All Penn Staters Should Still Be Disappointed in Joe Paterno

I'm not letting the coach off the hook.

While it may appear that people get away with a hell of a lot, they don’t—not cardinals, or priests, or football coaches, or self-canonized institutions. Something biblically ominous converged over our humble little Commonwealth as the Lynn and Sandusky verdicts unfolded. It’s like the Eye in the Sky is putting down an Almighty Foot for the world to be reminded that, verdicts aside, the scope of human justice is paltry when it comes to certain sins.

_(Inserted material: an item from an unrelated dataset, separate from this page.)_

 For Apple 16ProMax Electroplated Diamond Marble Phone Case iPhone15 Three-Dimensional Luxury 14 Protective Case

Like a lot of Philadelphians, I’m Catholic, a product of Catholic school, and I also went to Penn State. My generation is hard-pressed to defend the Church about anything, mostly because the Baby Boomers who raised us, taught us to question any and all authority, including and especially one that says it speaks for God.

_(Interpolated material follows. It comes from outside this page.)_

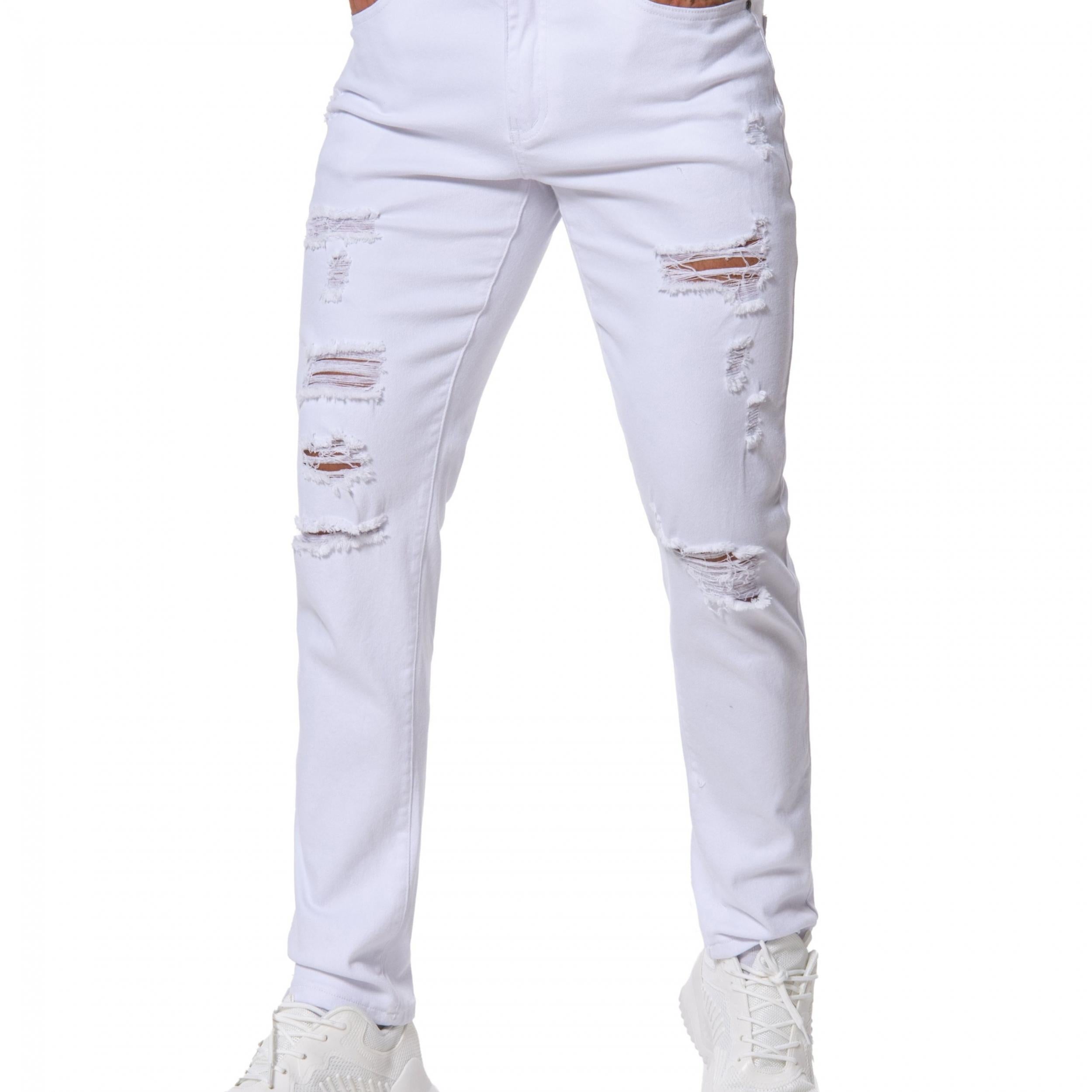 Men's Slim Fit Ripped Jeans Casual Street Style Denim Pants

As far as we’re all concerned, it was just a matter of time before that whole dog-and-pony show had its cover blown. The Church can throw all the hissy fits it wants about us, our birth control, our divorces, and our gay friends. Most of us are “cafeteria Catholics” anyway, and none of us is losing sleep over it. Even on more complex issues, like abortion, we rely on our own consciences more than the Church’s. For all of my strong opinions and big talk, I personally regret not walking out of a mass that I attended a few months ago when the homily turned into a diatribe about the abomination of gay marriage. What about the abomination of ALL of the marriages, christenings, communions, confirmations, and funerals presided over by priests who are/were child molesters?

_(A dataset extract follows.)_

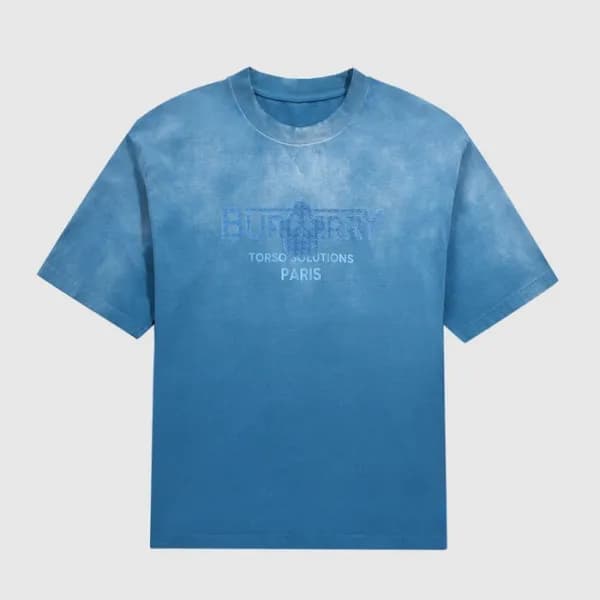 버버리 남성 블루 크루넥 반팔티 - Mens Blue Tshirts - Bur04323x - 1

Catholics are livid, appalled and sad, but one thing we aren’t is polarized. There are no “yeah, but” debaters trying to absolve anyone, not the perpetrators or the bystanders. So if Catholics aren’t polarized, why are Penn Staters?

I make this observation because I’ve had discussions with other Catholics, and we all land in the same place of contempt, disbelief and the general consensus that has to do with karma being her bitchy self. It doesn’t go this way with the Penn State crowd though, especially when the discussion turns to Joe Paterno.

No one’s selling posthumous t-shirts to memorialize Anthony Bevilacqua, with “Thanks, Tony” superimposed over a silhouette of him in his biretta, which is that pointy hat the Pope put on his head when he became a made man. But you can get a “Thanks, Joe” t-shirt with the iconic silhouette of him, in his floods and cleats, hands in pockets, ever the deep thinker. The sentiment, that what football and Joe Paterno have made mighty, let no man put asunder, is obnoxious.

Penn Staters are divided into those who are furious, who throw away their Penn State mail before they even open it, and those who will miss no opportunity to “yeah, but” themselves into righteousness. “Yeah, but he told his boss … Yeah, but the police didn’t do anything anyway … Yeah, but the parents should have told someone … Yeah, but the boys kept going back …”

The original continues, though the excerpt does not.